Вход в Летнюю башню был с севера, с теневой стороны. Здесь лежал длинный язык снега, начинавшийся от самого входа. Гренцлин слез с седла и прошагал по снегу, такому слежавшемуся, что ноги почти не проваливались. Двери не было. Сугроб обрывался у прямоугольного проёма в валунной кладке. Инвестигатор подошёл к проёму и остановился как вкопанный.
Почти сразу от входа начиналась длинная крутая лестница, и на нижних ступенях, головами к дверному проёму, лежали двое, сплетенные в объятии — человек и нечеловек.
— Любезный, — обратился Гренцлин к баронскому гайдуку, — подай мне седельную сумку. Я буду диктовать. — Он распахнул епанчу и присел на корточки.
Человек лежал на спине, упираясь подвёрнутой головой в истёртый камень нижней ступеньки. Полушубок из грязной овчины был распахнут, рубаха разорвана на груди, из-под затылка застывшие потеки крови тянулись вниз по ступени и впадали в застывшую же неровную лужицу у подножия. Лица не было видно — только тёмные с проседью волосы и посиневшее оттопыренное ухо.

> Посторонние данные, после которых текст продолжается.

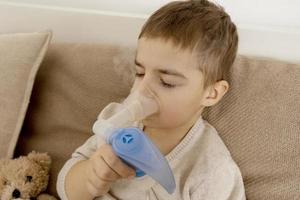 malato poco ragazzo con inalatore per tosse trattamento. indisposto ragazzo fare inalazione su il suo letto. influenza stagione. medico procedura a casa. interno e Abiti nel naturale terra colori. accogliente ambiente. foto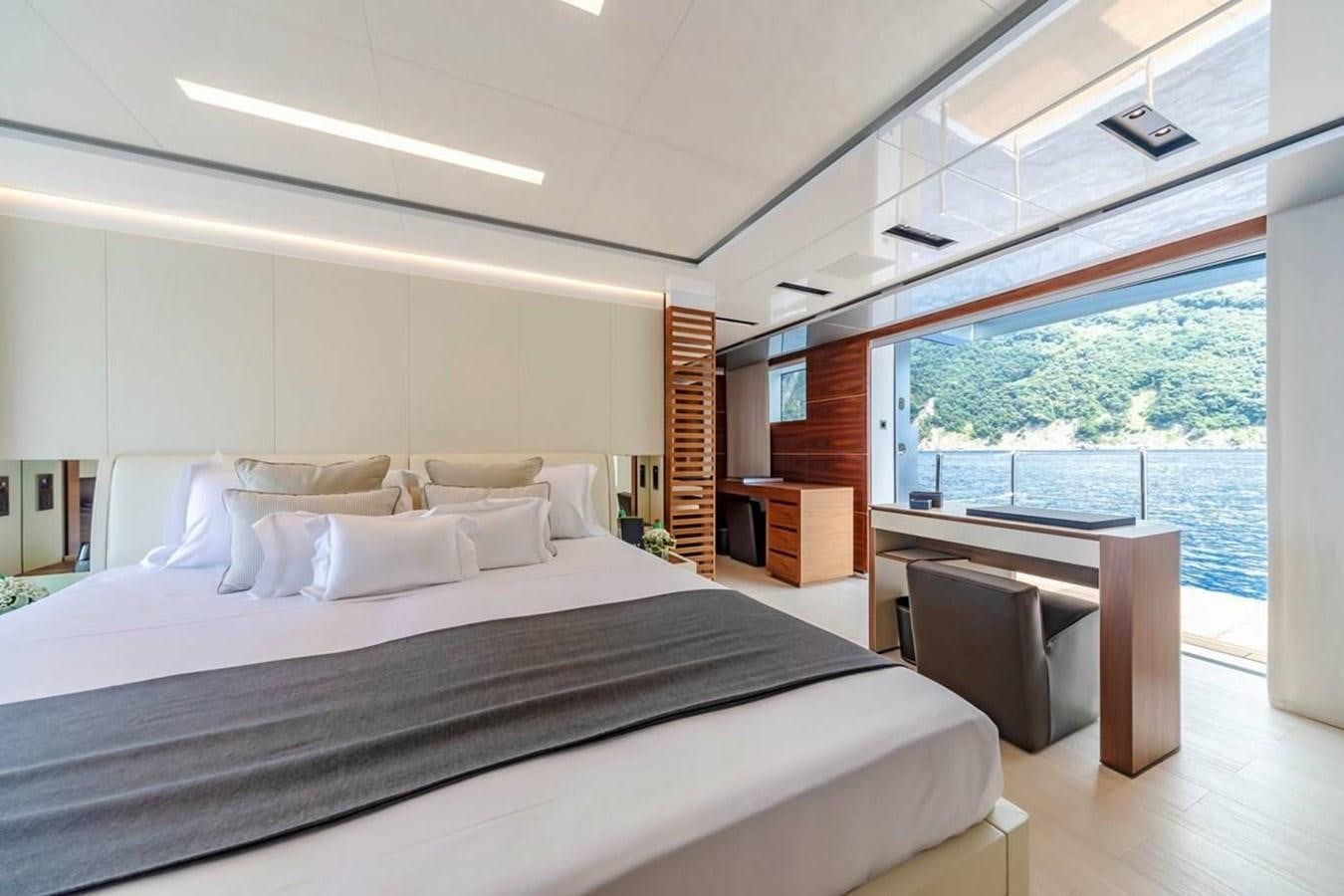 a large bedroom with a large window aboard LADY A Yacht for Sale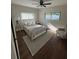 Cozy bedroom features lots of natural light, a comfortable bed, stylish decor, and a relaxing atmosphere at 1105 Chichester St, Orlando, FL 32803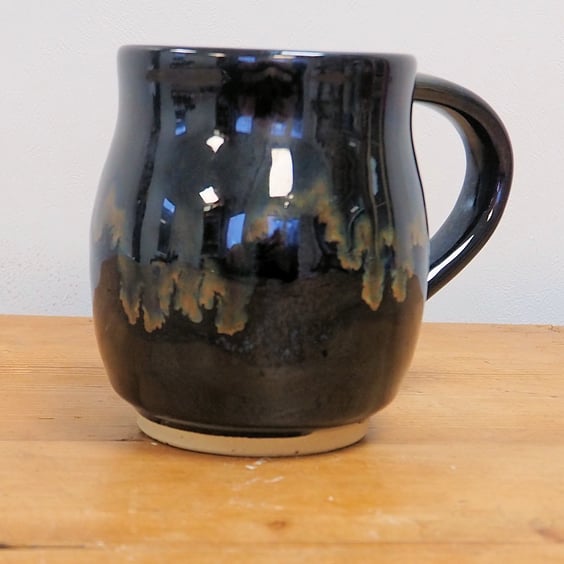 Large pottery mug finished in a black glaze with gold blue tones, handmade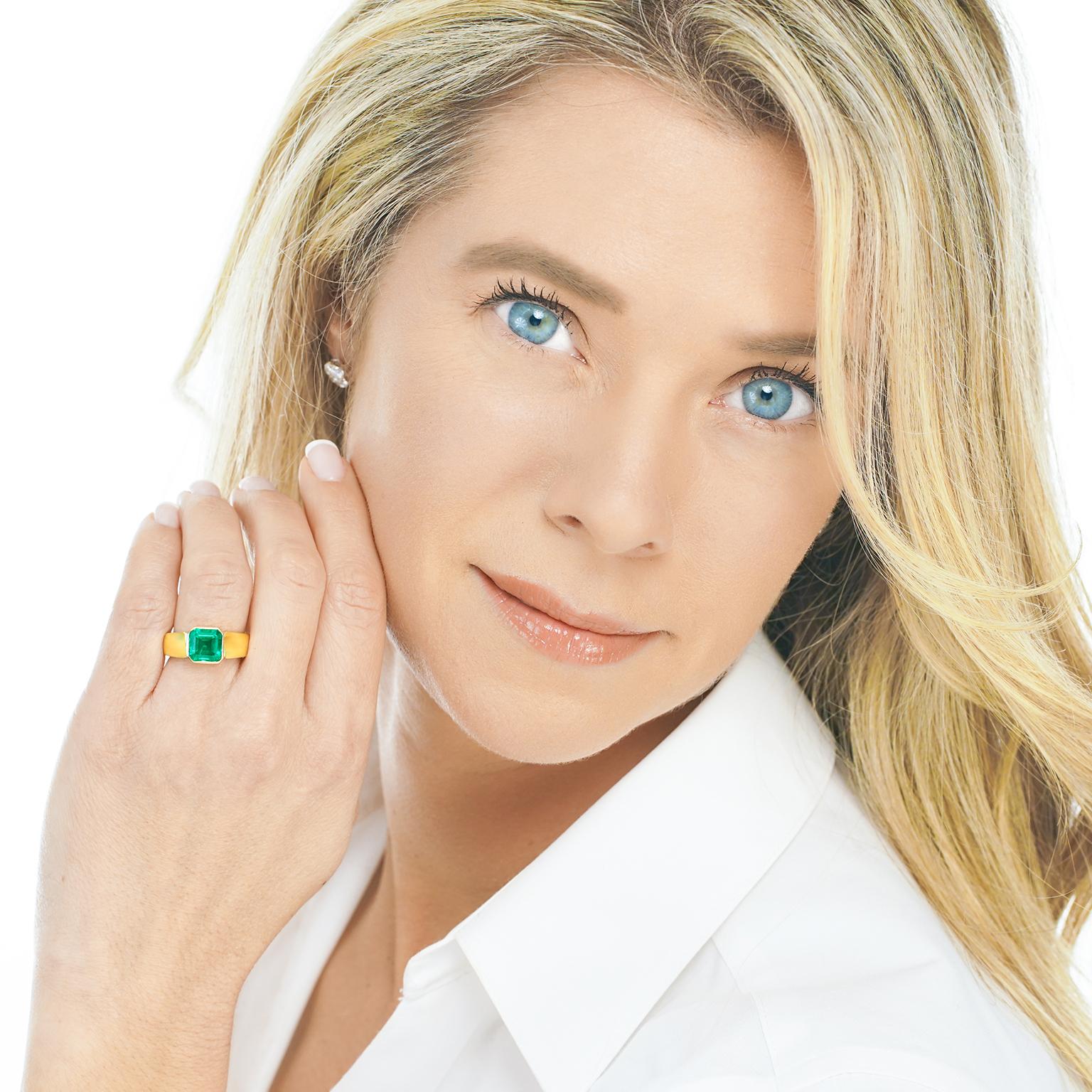 Circa 1960s, 18k, American.   The 3.0 carat emerald in this fabulous sixties ring has gorgeous color and lively passage of light. Its postmodern design is perfect for today's understated off-hand chic. Meticulously made in 18k yellow gold, it is in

Лицо было скрыто головой огромного металлического насекомого. Всё его серебристое тело покрывала тонкая изморозь. Грудной сегмент покоился у человека на груди, округлое брюшко величиной с новорожденного младенца — на животе; пара рук, похожих на клешни богомола, охватывала плечи мертвеца, длинные скаковые ноги почти непристойно оплетали таз, а мелкие ходовые ножки впивались в бока в отвратительной пародии на объятие.
— Сударь! — Гайдук протянул ему кожаную седельную суму.
Гренцлин взял её. Достал лакированную шкатулку фтегмографа и выгнутый вопросительным знаком рупор. Открыл крышку — проверить, на месте ли вощёный валик. Вставил рупор в паз до щелчка, завёл рукояткой пружину, повесил прибор за ремень себе на шею и поднёс ко рту раструб рупора.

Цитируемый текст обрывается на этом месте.